Man denkt zuweilen zu statisch
Die politische Linke muß es sich vorwerfen lassen: dort, wo sie noch am Werk ist - und das ist sie selten genug -, denkt sie zu statisch. Die Freien Marktliberalen galten für sie in den letzten Monaten als Prellbock. Sie verhielten sich eklig, keine Frage. Aber sie waren nur die Charaktermaske des Neoliberalismus, man schob sie vor, verdeckte damit, dass dieselben Denkmuster auch in anderen Parteien krassieren. Sicherlich, die besonders fiesen Radikalos sind bei SPD und Grünen weg. Fischer kariolt als ökologische Litfaßsäule über den Globus; Metzger hat seine politischen Ambitionen via Christdemokratie vermetzgert; Clement ist heute offiziell, was er immer war: Sprachrohr der Wirtschaft; Schröder hat seinen Lebensraum im Osten vergoldet. Aber die, die geblieben sind, die vom Schröderianismus bereinigten Hinterbliebenen, teilweise vom linken Parteiflügel, die stützen ihre Prämissen und ihre Lösungsvorschläge auf neoliberal vorgefertigte Wahrheiten. Pragmatisch Politik betreiben, nennen sie das. Das tun, was unter diesen Umständen, möglich ist, entschuldigen sie sich. Dass damit jede Alternative unmöglich wird, ist die Wahrheit, die keinen findet, der sie ausspricht.

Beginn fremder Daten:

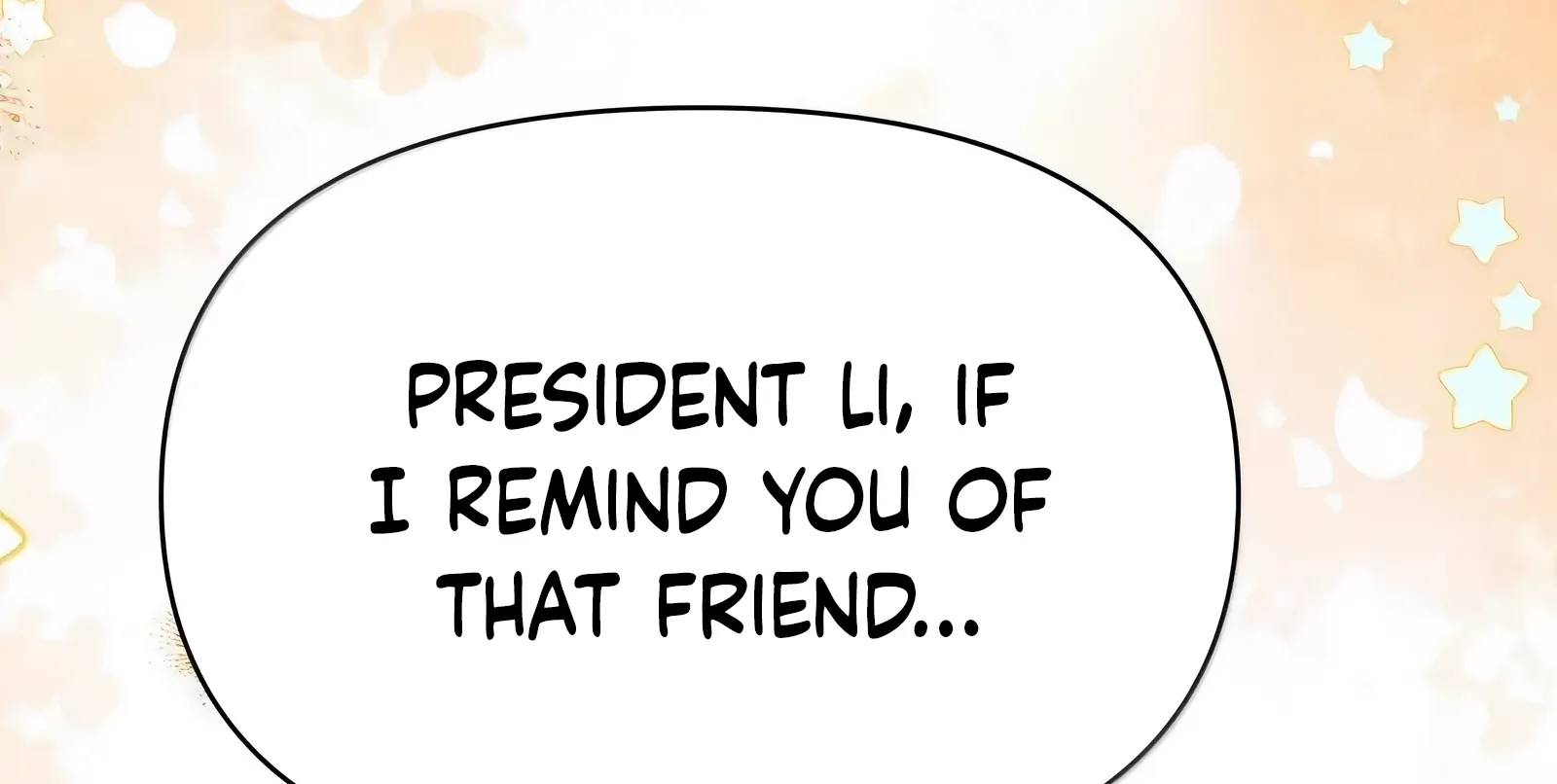 Will you expose yourself today?! Chapter 49 page 88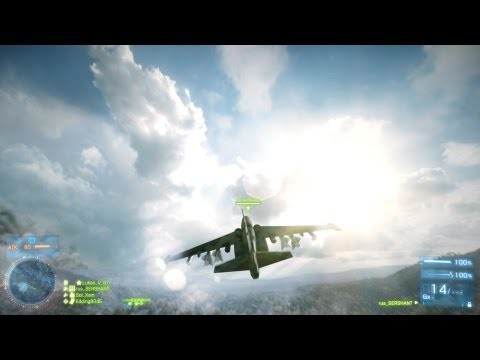 War thunder 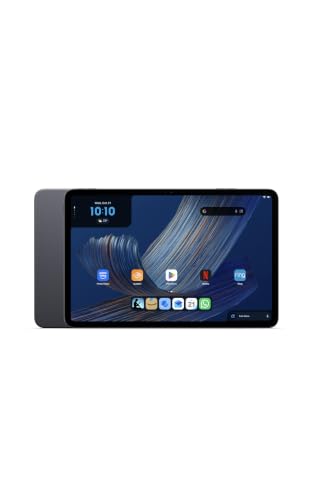 What is Kindle Mode on the new Alexa Tablets? - Good e-Reader
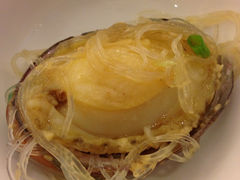 iphone_upload_pic-上海华夏假日酒店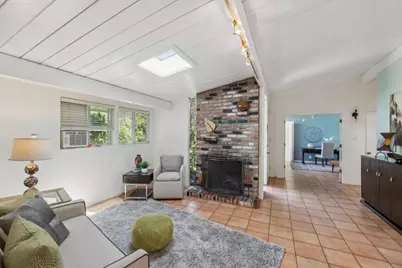 342 Carolina Ln, Palo Alto, CA 94306 - Photo 15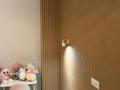 4-комнатная квартира · 120 м² · 2/5 этаж, Жамбыла Жабаева (петропавловск) за 102 млн ₸ в Петропавловске — фото 12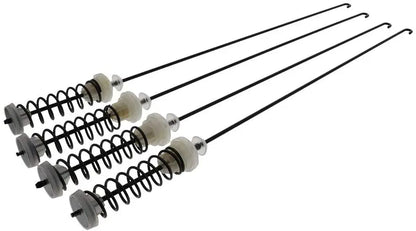 ERP W10780045 Washer Suspension Rods Exact Replacement Parts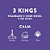 TERPENOS 3 KINGS - Imagem 2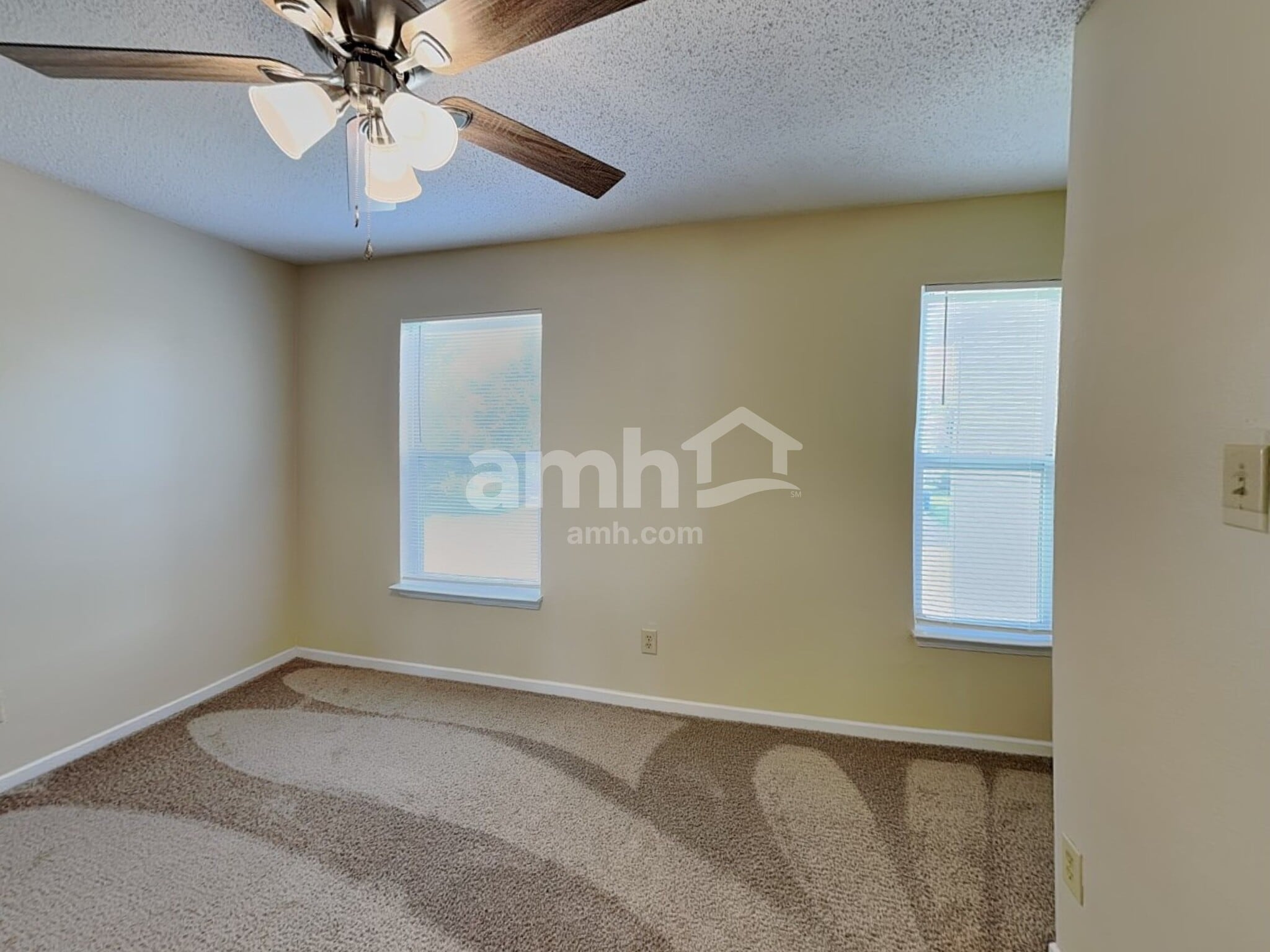 Building Photo - 1722 Brassica Way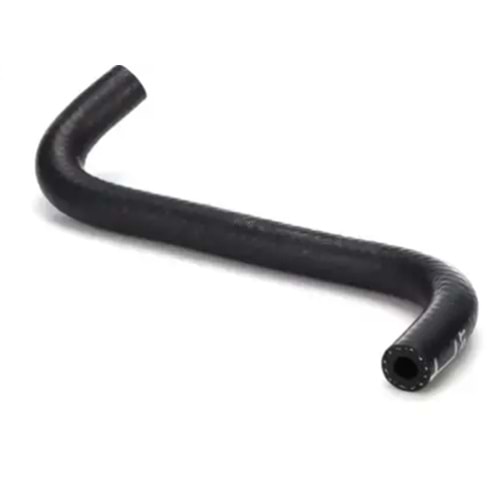 Opel Corsa D 1.4 Radyatör Yedek Su Depo Hortumu Gm Orjinal 96968694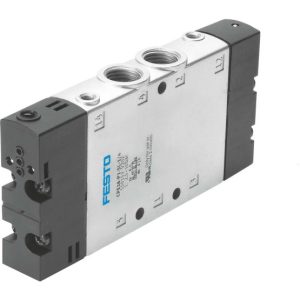 CPE18-P1-5L-1/4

Die FDP alleine ist nur der Neoliberalismus, wenn man statisch denkt. Die NPD ist im heutigen sozialen Klima dieses Landes nur Rassismus, wenn man statisch denkt. Die sattsame Linke, nennen wir sie die taz-Linke, eine Linke, die sich für arg links ansieht, dabei aber neoliberalen Prämissen nachhechelt und die Institutionen durchwandert hat, bestreitet ein statisches Weltbild. Hier FDP - Neoliberalismus; dort NPD - Rassismus. Die taz sieht sich in der Pflicht, gegen Faschisten ins Feld zu ziehen - das ist gut! Aber sie berichtet dabei beinahe nur von NPD, Republikanern und der DVU. Dieselben Tendenzen, die man bei Sozis, Grünen und den Christdiktatoren vermehrt erkennt, tut man als Einzelfälle ab. Wer statisch denkt, muß zwangsläufig dergestalt abwiegeln. Dasselbe Szenario gilt für die Freien Marktliberalen, die man mit dem Zeitgeist assoziert. Aber der braucht die FDP gar nicht - lassen wir uns da nicht täuschen!